[Collected data entries]
= = = =

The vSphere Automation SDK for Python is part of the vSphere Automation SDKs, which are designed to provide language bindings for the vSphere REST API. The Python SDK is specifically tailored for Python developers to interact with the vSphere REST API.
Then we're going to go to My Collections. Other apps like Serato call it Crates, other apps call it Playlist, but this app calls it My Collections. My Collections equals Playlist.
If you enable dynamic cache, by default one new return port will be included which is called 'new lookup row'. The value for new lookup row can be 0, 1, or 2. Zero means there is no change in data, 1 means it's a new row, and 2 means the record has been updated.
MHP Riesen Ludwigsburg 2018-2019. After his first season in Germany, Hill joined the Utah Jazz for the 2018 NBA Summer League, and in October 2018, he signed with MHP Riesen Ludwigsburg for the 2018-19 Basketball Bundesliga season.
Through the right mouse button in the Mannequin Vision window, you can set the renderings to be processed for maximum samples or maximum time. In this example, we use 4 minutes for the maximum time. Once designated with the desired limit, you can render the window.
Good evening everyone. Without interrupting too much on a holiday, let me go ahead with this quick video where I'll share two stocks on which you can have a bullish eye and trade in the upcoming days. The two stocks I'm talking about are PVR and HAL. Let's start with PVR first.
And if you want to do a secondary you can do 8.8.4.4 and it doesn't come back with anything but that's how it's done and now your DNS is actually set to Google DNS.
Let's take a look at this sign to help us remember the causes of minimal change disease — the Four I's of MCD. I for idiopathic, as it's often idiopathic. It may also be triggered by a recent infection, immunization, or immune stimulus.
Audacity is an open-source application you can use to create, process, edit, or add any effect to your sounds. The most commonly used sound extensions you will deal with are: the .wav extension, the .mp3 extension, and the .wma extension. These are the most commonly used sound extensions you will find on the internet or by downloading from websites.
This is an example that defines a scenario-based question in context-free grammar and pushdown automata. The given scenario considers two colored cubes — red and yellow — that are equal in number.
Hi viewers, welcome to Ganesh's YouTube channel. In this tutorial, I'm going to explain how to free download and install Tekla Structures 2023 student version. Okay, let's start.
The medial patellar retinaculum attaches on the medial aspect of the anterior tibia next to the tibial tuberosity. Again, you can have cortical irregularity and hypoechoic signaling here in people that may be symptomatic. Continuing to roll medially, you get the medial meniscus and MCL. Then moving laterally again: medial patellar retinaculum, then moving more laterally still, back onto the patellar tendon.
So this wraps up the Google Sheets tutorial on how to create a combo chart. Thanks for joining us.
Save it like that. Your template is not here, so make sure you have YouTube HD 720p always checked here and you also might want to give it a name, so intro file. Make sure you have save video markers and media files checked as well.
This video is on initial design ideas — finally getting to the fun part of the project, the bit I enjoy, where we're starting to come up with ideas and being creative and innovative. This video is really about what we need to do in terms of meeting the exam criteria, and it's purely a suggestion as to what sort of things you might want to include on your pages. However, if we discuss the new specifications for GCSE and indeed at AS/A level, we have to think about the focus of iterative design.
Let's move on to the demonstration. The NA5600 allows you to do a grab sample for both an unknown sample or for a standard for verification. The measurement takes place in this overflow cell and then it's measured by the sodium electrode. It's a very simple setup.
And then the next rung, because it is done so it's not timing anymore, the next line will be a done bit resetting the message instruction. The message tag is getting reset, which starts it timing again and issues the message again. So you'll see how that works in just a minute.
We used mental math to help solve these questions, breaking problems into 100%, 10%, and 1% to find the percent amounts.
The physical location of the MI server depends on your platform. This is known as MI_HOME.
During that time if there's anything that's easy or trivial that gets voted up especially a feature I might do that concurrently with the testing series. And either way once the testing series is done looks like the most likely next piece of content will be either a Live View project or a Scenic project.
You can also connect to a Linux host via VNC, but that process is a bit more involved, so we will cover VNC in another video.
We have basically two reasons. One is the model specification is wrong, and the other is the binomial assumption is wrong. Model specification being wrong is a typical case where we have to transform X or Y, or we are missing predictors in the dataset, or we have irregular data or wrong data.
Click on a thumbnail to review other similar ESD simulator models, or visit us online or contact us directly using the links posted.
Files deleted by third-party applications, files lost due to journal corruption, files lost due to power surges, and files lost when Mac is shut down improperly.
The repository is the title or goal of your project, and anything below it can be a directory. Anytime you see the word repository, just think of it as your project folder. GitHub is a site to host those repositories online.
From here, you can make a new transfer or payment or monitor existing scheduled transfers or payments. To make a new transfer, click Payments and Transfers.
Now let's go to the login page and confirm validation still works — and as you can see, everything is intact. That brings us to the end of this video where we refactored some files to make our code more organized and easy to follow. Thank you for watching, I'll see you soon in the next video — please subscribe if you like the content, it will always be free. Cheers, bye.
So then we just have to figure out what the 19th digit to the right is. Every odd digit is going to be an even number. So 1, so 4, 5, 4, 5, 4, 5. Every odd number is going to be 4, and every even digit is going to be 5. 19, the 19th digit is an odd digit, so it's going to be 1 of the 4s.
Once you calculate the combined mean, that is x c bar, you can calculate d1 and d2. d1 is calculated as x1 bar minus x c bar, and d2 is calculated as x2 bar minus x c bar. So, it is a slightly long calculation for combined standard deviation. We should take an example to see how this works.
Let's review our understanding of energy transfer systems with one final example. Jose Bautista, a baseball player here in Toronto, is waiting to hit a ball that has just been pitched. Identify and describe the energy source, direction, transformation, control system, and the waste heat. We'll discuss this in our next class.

= = = =

Looking at the data above, return every line from the one with "MHP Riesen Ludwigsburg 2018-2019." down to the one with "Through the right", exactly and inclusively.

MHP Riesen Ludwigsburg 2018-2019. After his first season in Germany, Hill joined the Utah Jazz for the 2018 NBA Summer League, and in October 2018, he signed with MHP Riesen Ludwigsburg for the 2018-19 Basketball Bundesliga season.
Through the right mouse button in the Mannequin Vision window, you can set the renderings to be processed for maximum samples or maximum time. In this example, we use 4 minutes for the maximum time. Once designated with the desired limit, you can render the window.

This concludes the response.